This is all to the good, in my view. A deathly earnestness so often creeps into programmes about books (especially on Radio 4) that you never get in shows about sport or pop music, giving the off-putting impression that books are primarily meant to be good for you, rather than sexy, thrilling, naughty or fun.
Here the irreverence was funny (“I just don’t think poems should be epic,” Pascoe told Wang when he enthused about The Iliad, “If you can’t say it in a page like Wendy Cope then maybe you’re not very good, Homer”) but was combined with an obvious passion for books among the panellists, and the odd astute critical remark.
The trouble with the show was that it was over-stuffed. Not only was there a book club book to be discussed – in this opening programme it was Matt Haig’s The Midnight Library – but Pascoe was asked to talk about one of her own books, and the panellists were invited to nominate their favourite book, the book they would give to a date, the funniest book they’ve read, the fictional character they would most like to meet … all in the space of half an hour.

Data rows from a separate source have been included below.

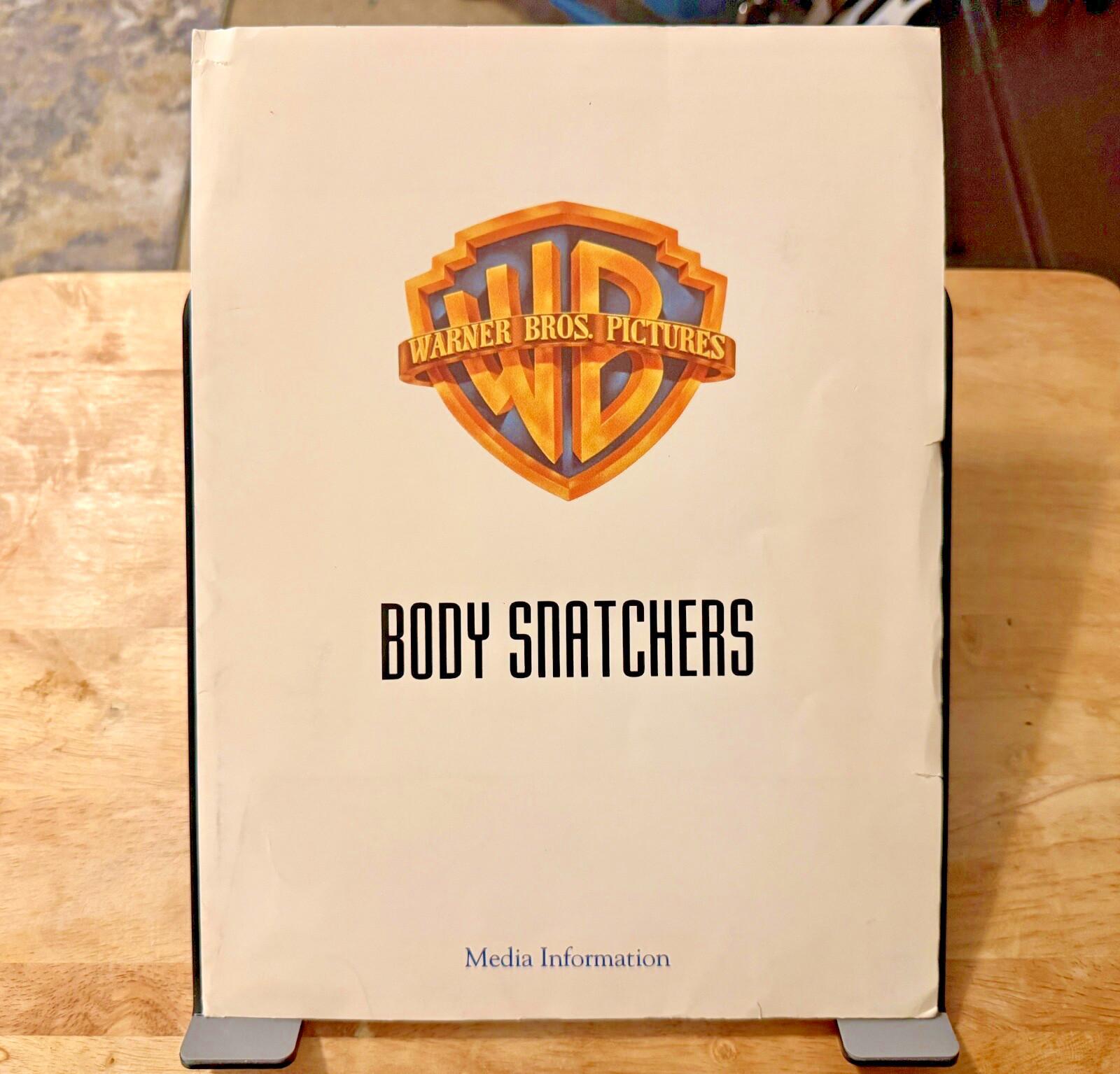 BODY SNATCHERS 1993 Movie Press Kit with Press Notes and 2 B&W Promo Photos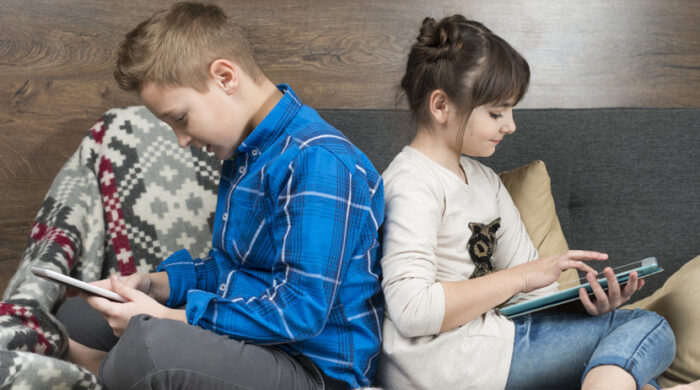 শিশুদের অনলাইন সুরক্ষায় হোয়াটসঅ্যাপে আসছে প্যারেন্টাল কন্ট্রোল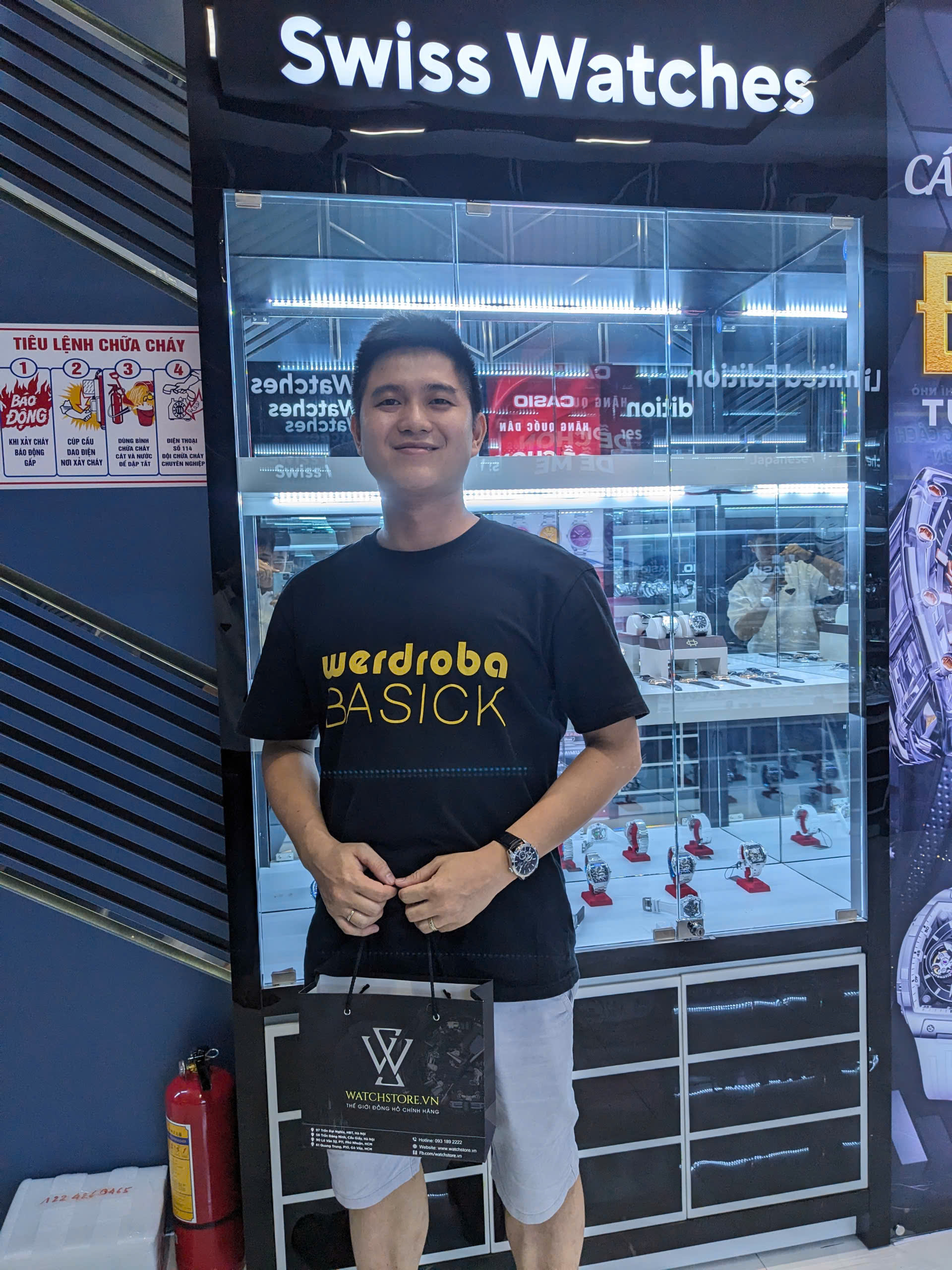 khach hang mua hang tai watchstore 12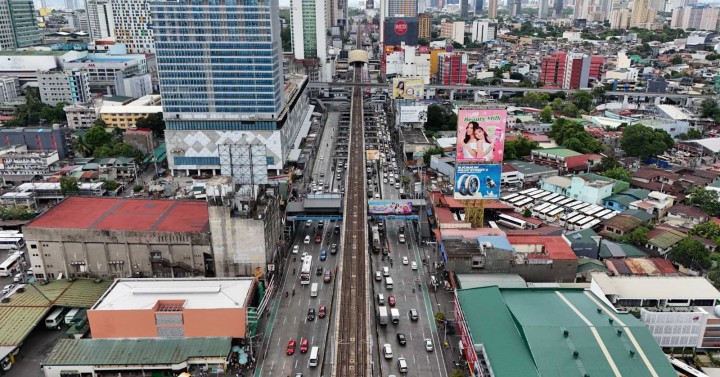 Marcos postpones EDSA rehab for 1 month; eyes 'better way'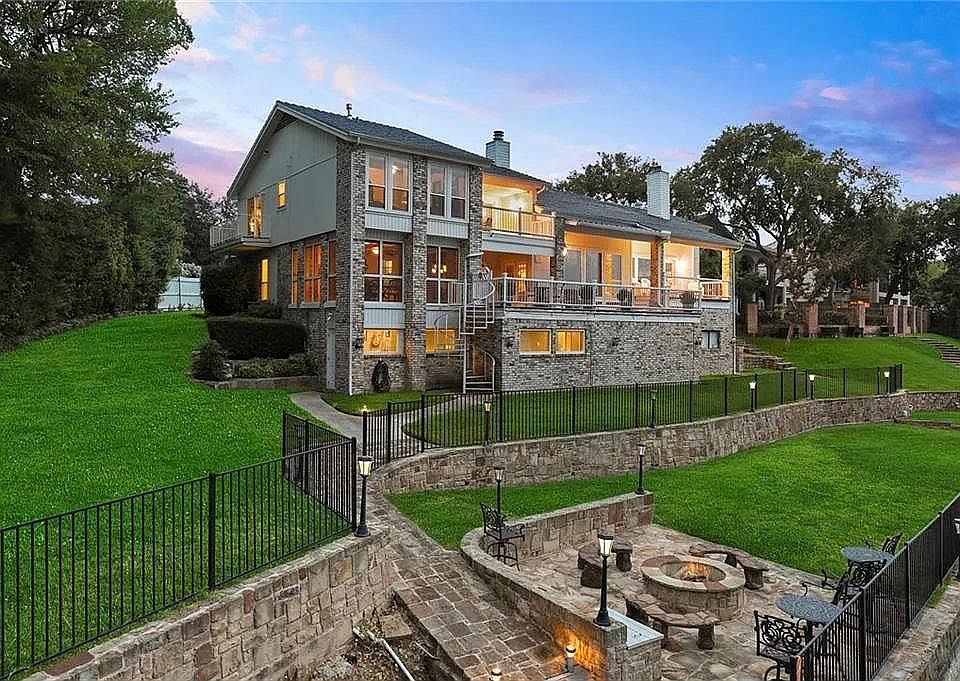 1st image of 7828 Skylake Dr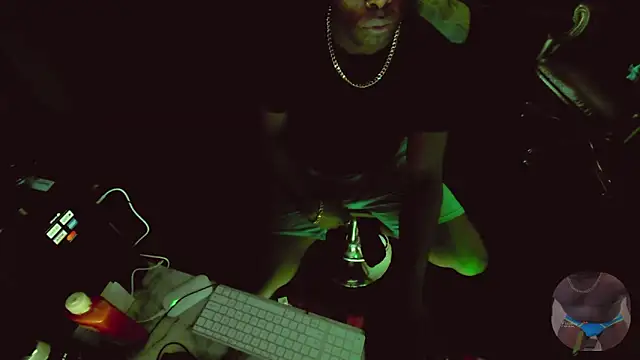 Snapshot of Pressure69mee chatting on 03-08-25, 05:22 Pressure69mee online show from 03-08-25, 05:22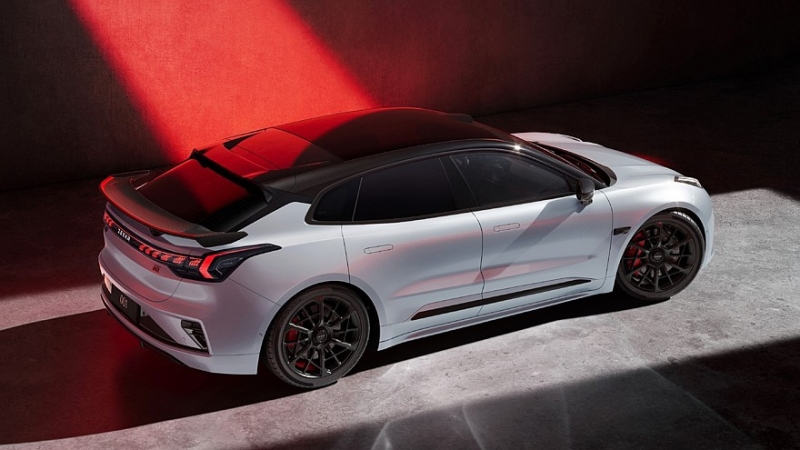 Детский возраст и большие достижения: представлен Zeekr 001 5th Anniversary Edition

To get the full book club experience, I read The Midnight Library beforehand. It’s an engaging fable about a young woman who regards herself as having failed in every aspect of her life and takes an overdose of antidepressants. She wakes up in a sort of celestial library in which her old school librarian packs her off to jump Quantum Leap-style into the other lives she might have led if she’d made different choices – contented mother, glaciologist in the Arctic, international rock star, Olympic swimming champion and so on.
The programme featured a short interview with Matt Haig in which he explained how his own experiences of depression and a “full-blown breakdown” inspired the book’s message about the importance of taking agency over your own life. But it would have been good to hear more from Haig – perhaps to have had the panellists put questions to him in the studio à la Radio 4’s Book Club.